The ABC of device links and modular profiles
The ABC of device links and modular profiles
- Subject: The ABC of device links and modular profiles
- From: Henrik Holmegaard <email@hidden>
- Date: Thu, 31 May 2001 07:09:42 +0200
Claudio Corvino wrote:
Here in Italy many prepress guys consider CM as something potentially
dangerous to keep away from.
The fact that inkjets are wet printing systems, and that creative
professionals selling digital dots are in the nature of the case
forced to learn about black generation to produce the visually most
pleasing prints from their digital dots, means that creatives are
going to take over separation because they are going to learn faster
than fast.
When the photographer's product was still made with film, light and
chemicals, she handed it to the prepress expert as an analog viewable
graphic. The prepress expert used a high volume scanner with
proprietary, built in RGB to CMYK tables. The photographer wasn't
concerned with RGB and could look to the prepress expert to secure
the quality of the image on the printed page.

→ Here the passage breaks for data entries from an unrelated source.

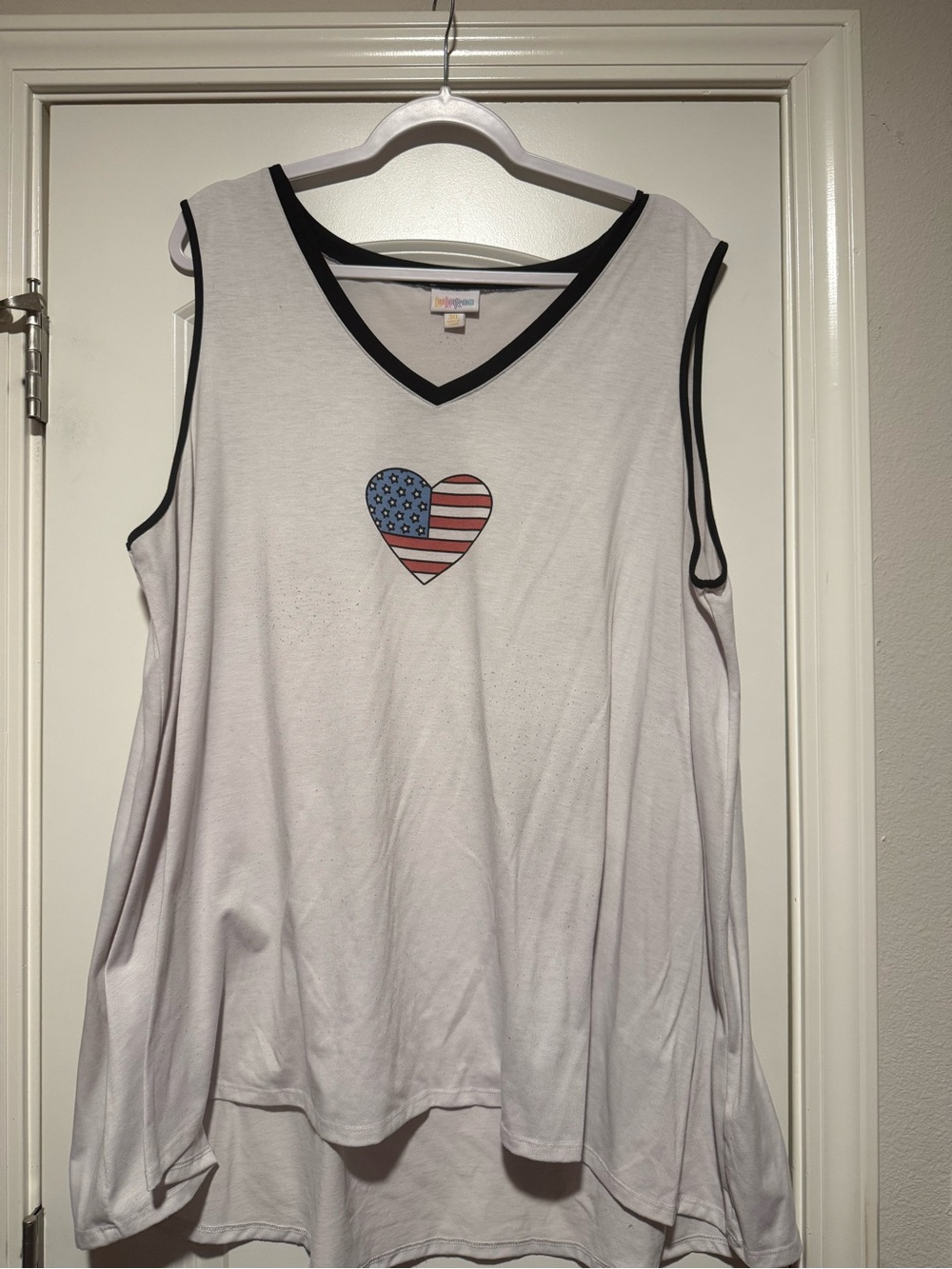 LuLaRoe White Sleeveless V-Neck Tank with Black Trim and Flag Heart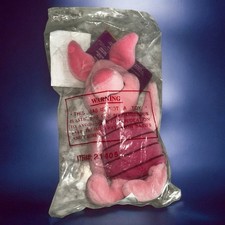 New Vintage Disney Store Winnie The Pooh Piglet 8" Bean Bag Plush Toy Sealed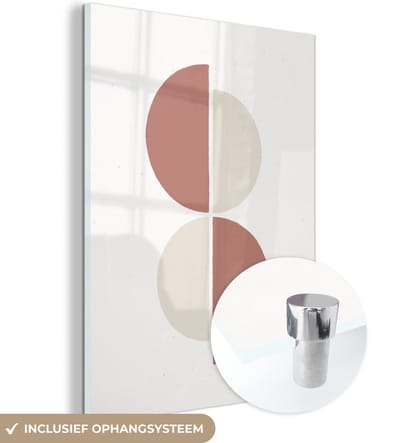 MuchoWow® Glasschilderij 120x160 cm - Schilderij acrylglas - Minimalisme - Abstract - Pastel - Foto op glas - Schilderijen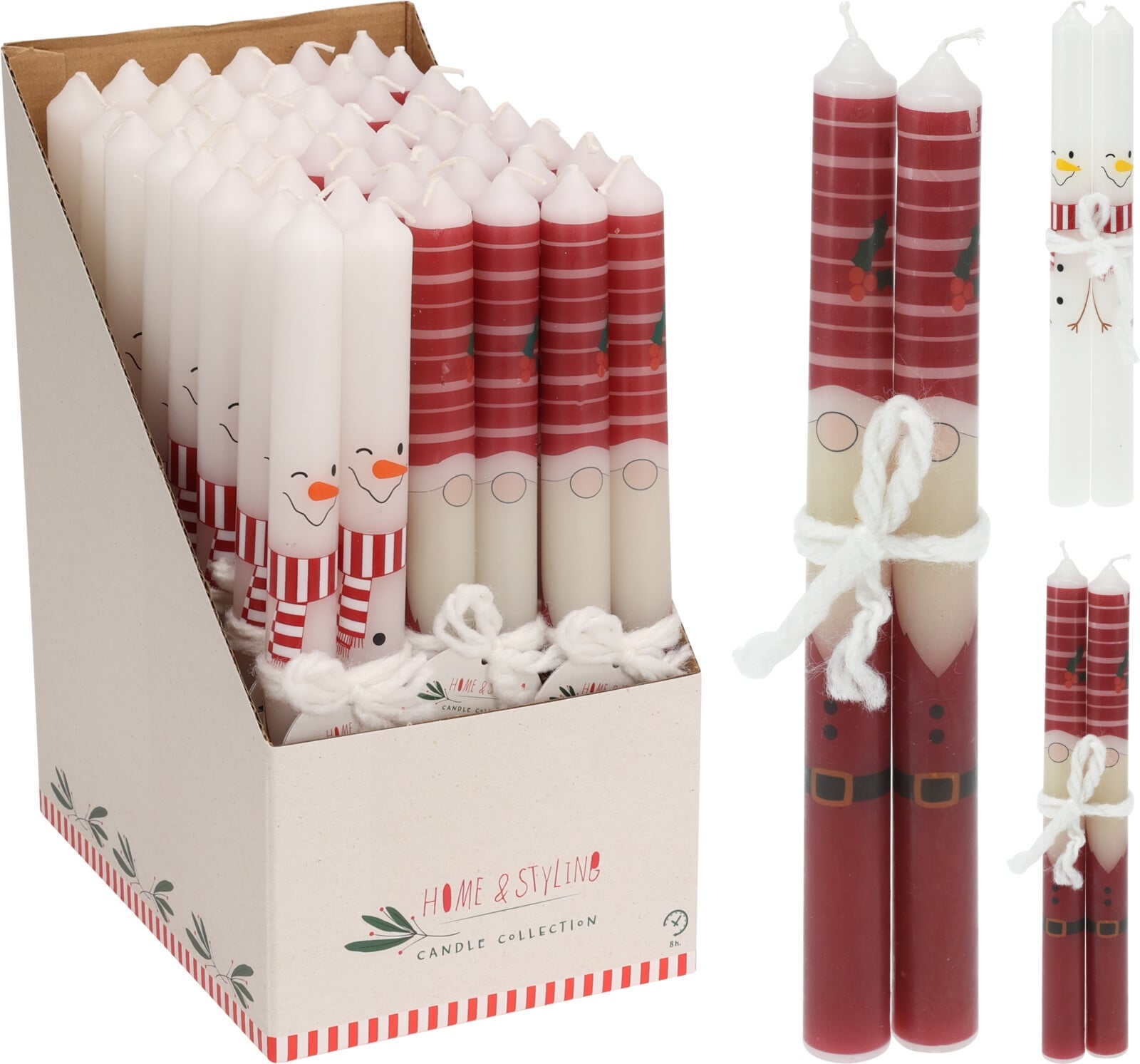 Коледни свещи 2,2 х 25 см 2 броя микс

When the photographer's product evolved into RGB data composited and
color retouched on the desktop, then from the prepress expert's point
of view the photographer became responsible for the RGB data that
serves as input to all CMYK conversions, and from the photographer's
point of view the proprietary, prelinked RGB to CMYK tables in the
scanner's firmware didn't secure the quality of the image on the
printed page as the tables couldn't be loaded into desktop publishing
software.
The ICC framework resolves this conflict by splitting the proprietary
and prelinked RGB to CMYK tables in two. An input RGB to connection
space profile and an output connection space to CMYK space profile.
Usually an output monitor RGB profile is added to the chain for
softproofing, and an output color printer CMYK profile for proof
printing, too.
This way the photographer becomes repsonsible for color managing the
studio scanner, monitor and color printer, and the prepress expert
for color managing the print production process. Whether RGB is
converted into CMYK in the studio or in the print shop doesn't matter
any more, the results are the same.
However, the photographer is harder pressed commercially because in
the eyes of her customers her equipment is cheaper than the prepress
experts. This by definition means she is considered less
knowledgeable, and must work harder to experiment and learn in order
to extend her creative control. The longterm effect of this imbalance
is going to be that learning from her inkjet and her print profiling
software, she will soon be teaching the prepress expert the basics of
quality separation, chiefly because as a photographer she is much
more visually critical and much more bent on iterative
experimentation than the prepress expert who once served her.
The modular ICC framework has enabled this change in the division of
labour, but it can't change industry mindsets overnight, and it can't
make software developers dream up intelligent and conceptually
consistent implementations. But I wouldn't say that a little
punishment directed to that end is altogether a waste of time -:).